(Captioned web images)
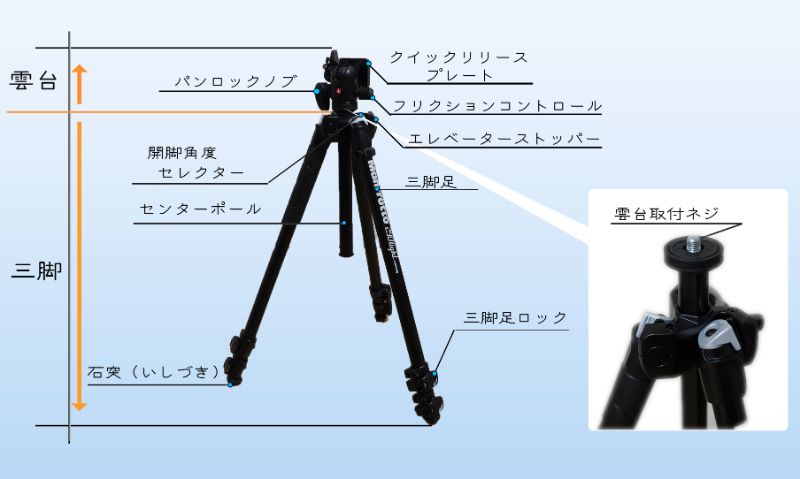 オススメのカメラ三脚】「Manfrotto(マンフロット) 290 LIGHT」の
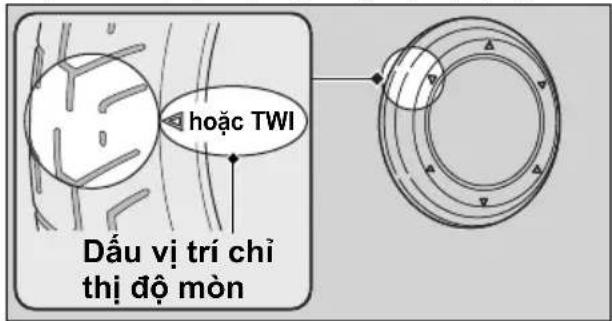 hoặc TWI Dấu vị trí chỉ thị độ mòn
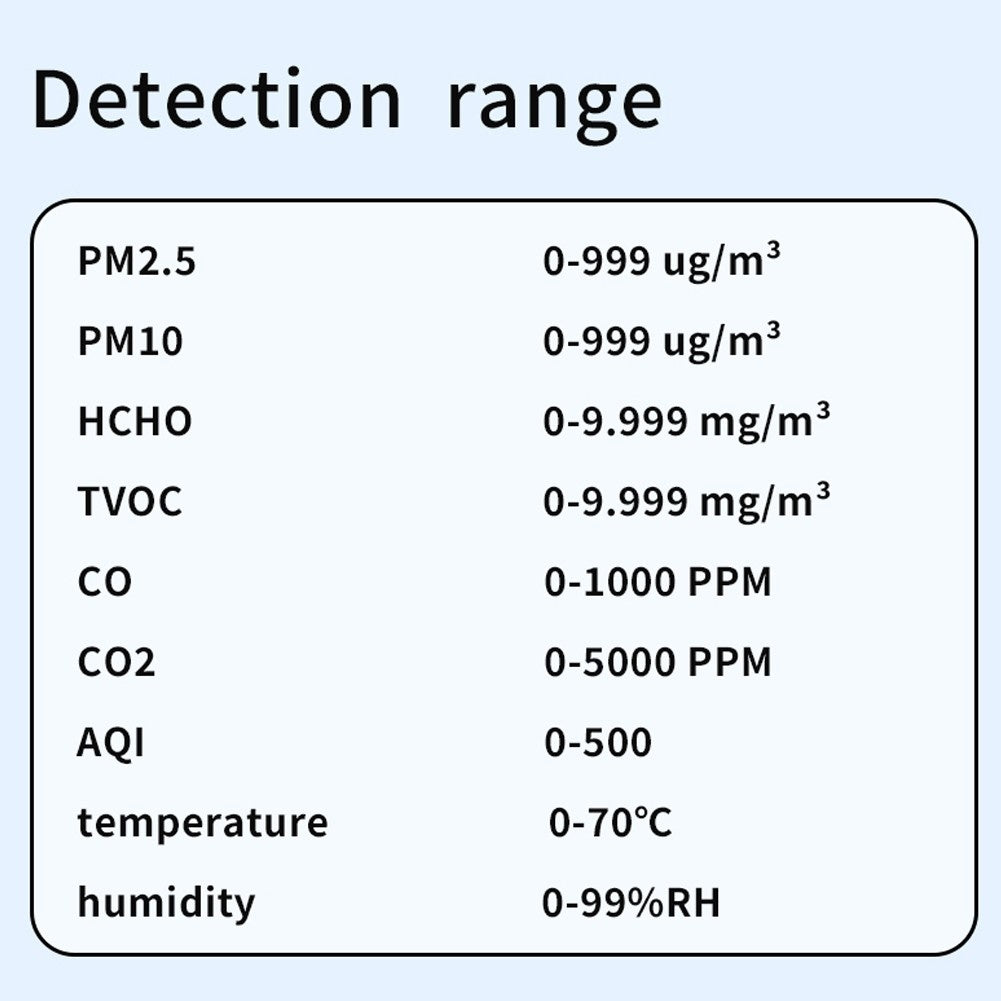 Tuya WiFi Smart Air Quality Meter – Portable HCHO TVOC CO2 PM2.5 CO PM10 Tester with Temperature, Humidity Detection & 2.8-inch TFT Display Alarm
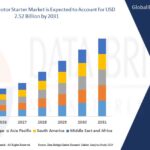 Digital Polymerase Chain Reaction (PCR) Market Overview: Key Drivers and Challenges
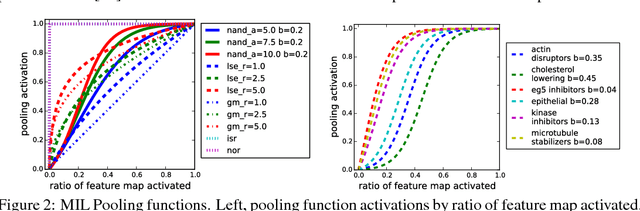 Figure 3 for Classifying and Segmenting Microscopy Images Using Convolutional Multiple Instance Learning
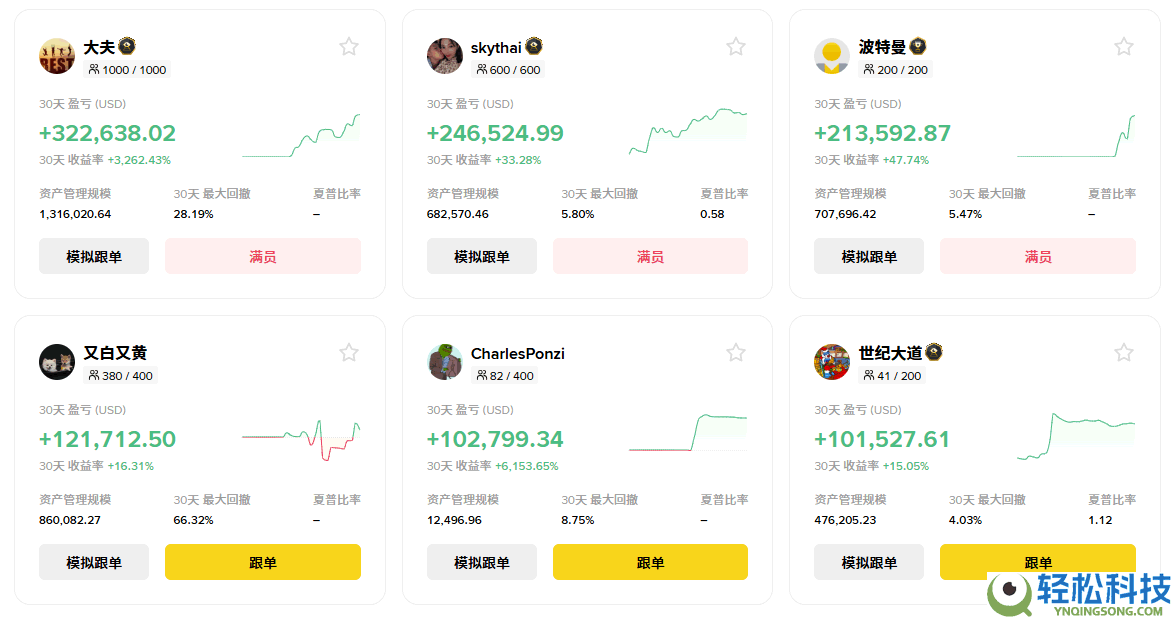 2026年币安评测：Binance安全合法吗？如何在币安上交易加密货币？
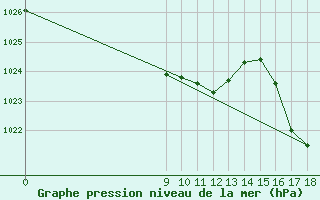 Courbe de la pression atmosphrique pour Olovarria Aerodrome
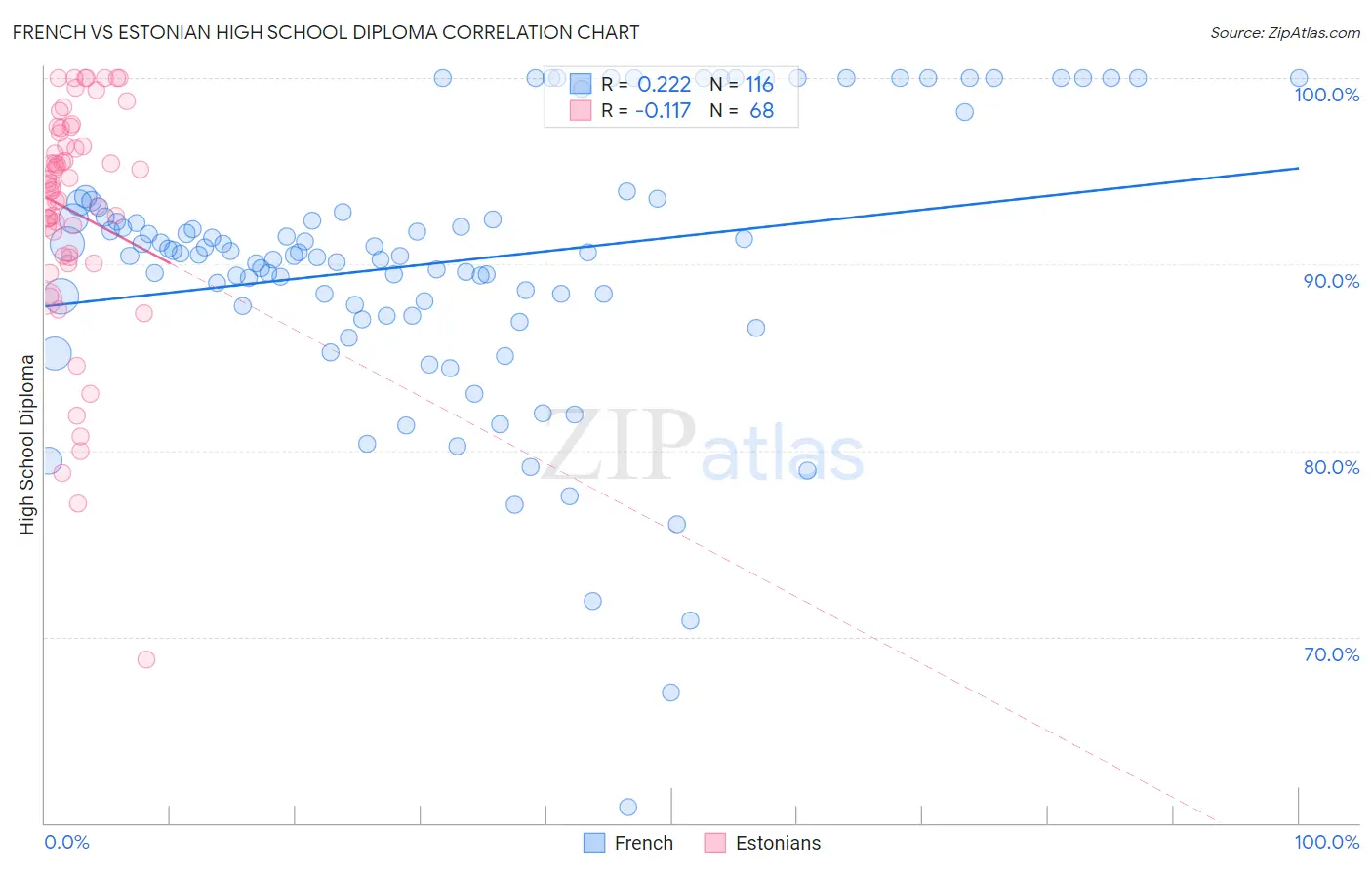 French vs Estonian High School Diploma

■ EXERCISE DESCRIPTION
From the line with "Figure 3 for" down to the last line of the records above, restate each line verbatim, passing over any picture.

■ ANSWER FOR THE TASK
 Figure 3 for Classifying and Segmenting Microscopy Images Using Convolutional Multiple Instance Learning
 2026年币安评测：Binance安全合法吗？如何在币安上交易加密货币？
 Courbe de la pression atmosphrique pour Olovarria Aerodrome
 French vs Estonian High School Diploma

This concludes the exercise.